Národná obroda
- Type: Daily newspaper
- Format: Broadsheet
- Founded: 1990
- Language: Slovak
- Ceased publication: 31 May 2015
- Headquarters: Bratislava
- Country: Slovakia
- ISSN: 1335-4671
- OCLC number: 233144476

= Národná obroda =

Daily newspaper in Slovakia (1990–2015)

Národná obroda (National Revival) was a daily newspaper published in Bratislava, Slovakia, between 1990 and 2005.

==History and profile==
Národná obroda was established through the initiative of the Slovak government in 1990. The paper had its headquarters in Bratislava. It became a respected daily with accurate and in-depth commentaries after its publication. The paper was published in broadsheet format.

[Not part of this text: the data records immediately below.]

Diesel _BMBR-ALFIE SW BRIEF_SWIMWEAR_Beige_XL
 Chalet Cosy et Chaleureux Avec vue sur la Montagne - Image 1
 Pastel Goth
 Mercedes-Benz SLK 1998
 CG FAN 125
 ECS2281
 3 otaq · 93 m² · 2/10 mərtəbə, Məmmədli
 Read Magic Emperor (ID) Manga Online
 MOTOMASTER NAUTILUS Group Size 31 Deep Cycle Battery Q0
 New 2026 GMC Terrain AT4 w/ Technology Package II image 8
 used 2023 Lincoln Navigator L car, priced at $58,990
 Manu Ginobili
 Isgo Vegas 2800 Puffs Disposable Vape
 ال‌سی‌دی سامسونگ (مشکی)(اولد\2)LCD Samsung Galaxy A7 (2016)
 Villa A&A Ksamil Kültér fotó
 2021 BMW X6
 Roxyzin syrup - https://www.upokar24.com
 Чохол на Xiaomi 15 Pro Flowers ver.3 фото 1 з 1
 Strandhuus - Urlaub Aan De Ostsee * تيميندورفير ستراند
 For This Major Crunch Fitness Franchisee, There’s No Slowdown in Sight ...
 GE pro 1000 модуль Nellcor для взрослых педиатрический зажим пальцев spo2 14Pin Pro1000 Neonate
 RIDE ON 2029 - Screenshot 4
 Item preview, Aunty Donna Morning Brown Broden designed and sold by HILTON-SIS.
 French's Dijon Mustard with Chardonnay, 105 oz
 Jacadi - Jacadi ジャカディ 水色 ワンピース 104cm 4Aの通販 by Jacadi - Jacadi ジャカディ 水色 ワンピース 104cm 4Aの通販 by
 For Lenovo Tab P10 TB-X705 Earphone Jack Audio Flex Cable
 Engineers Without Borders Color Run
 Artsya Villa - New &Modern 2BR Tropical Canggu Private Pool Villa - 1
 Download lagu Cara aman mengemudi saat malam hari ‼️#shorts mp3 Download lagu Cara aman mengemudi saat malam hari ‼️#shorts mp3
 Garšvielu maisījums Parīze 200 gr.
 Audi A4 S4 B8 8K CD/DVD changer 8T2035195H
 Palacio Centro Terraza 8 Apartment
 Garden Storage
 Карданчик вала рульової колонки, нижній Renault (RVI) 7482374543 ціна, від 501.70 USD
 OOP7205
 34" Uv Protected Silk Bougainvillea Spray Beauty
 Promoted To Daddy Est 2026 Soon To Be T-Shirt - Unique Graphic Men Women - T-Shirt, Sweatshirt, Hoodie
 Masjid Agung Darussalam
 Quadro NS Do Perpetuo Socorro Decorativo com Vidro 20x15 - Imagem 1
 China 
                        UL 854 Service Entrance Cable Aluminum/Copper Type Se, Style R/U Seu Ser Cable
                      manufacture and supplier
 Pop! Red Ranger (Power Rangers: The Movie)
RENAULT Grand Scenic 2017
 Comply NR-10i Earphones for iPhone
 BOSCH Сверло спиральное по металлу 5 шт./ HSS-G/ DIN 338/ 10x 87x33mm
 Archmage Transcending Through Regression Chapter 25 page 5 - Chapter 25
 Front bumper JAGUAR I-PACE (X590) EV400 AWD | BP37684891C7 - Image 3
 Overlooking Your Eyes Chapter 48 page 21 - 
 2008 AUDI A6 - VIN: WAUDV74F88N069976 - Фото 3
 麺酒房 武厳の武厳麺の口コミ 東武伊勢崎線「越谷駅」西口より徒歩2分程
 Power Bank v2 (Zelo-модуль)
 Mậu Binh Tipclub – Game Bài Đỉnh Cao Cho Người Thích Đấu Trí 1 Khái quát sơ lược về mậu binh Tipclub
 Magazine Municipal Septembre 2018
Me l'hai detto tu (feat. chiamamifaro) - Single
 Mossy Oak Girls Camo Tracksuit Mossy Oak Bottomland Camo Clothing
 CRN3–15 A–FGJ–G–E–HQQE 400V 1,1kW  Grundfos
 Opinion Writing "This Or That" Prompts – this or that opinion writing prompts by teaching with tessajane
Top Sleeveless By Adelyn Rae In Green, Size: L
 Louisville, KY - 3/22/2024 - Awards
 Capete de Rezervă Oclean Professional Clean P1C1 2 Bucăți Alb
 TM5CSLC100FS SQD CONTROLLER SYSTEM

Tatiana Repkova served as the publisher and editor-in-chief of the paper. On 15 November 1996, she was removed from both posts. Some of the journalists also left the paper in protest over her dismissal. During this period, the paper's owner was an export company, the VSZ steel mill.

In Spring 1999, Národná obroda was acquired by the NO Publishing company. Following its restructuring, the paper had about 130,000 readers in August 1999. The frequency of the paper was also changed. It was published seven days per week until October 1999, when it began to be published daily except Sundays.

In the early 2000s, Národná obroda was close to the Alliance of the New Citizen party. The paper had a centrist leaning. In 2003, it was among the top ten dailies in the country and had a circulation of 18,000 copies. The publisher was the Výhra company during this period.

Národná obroda ceased publication on 31 May 2005.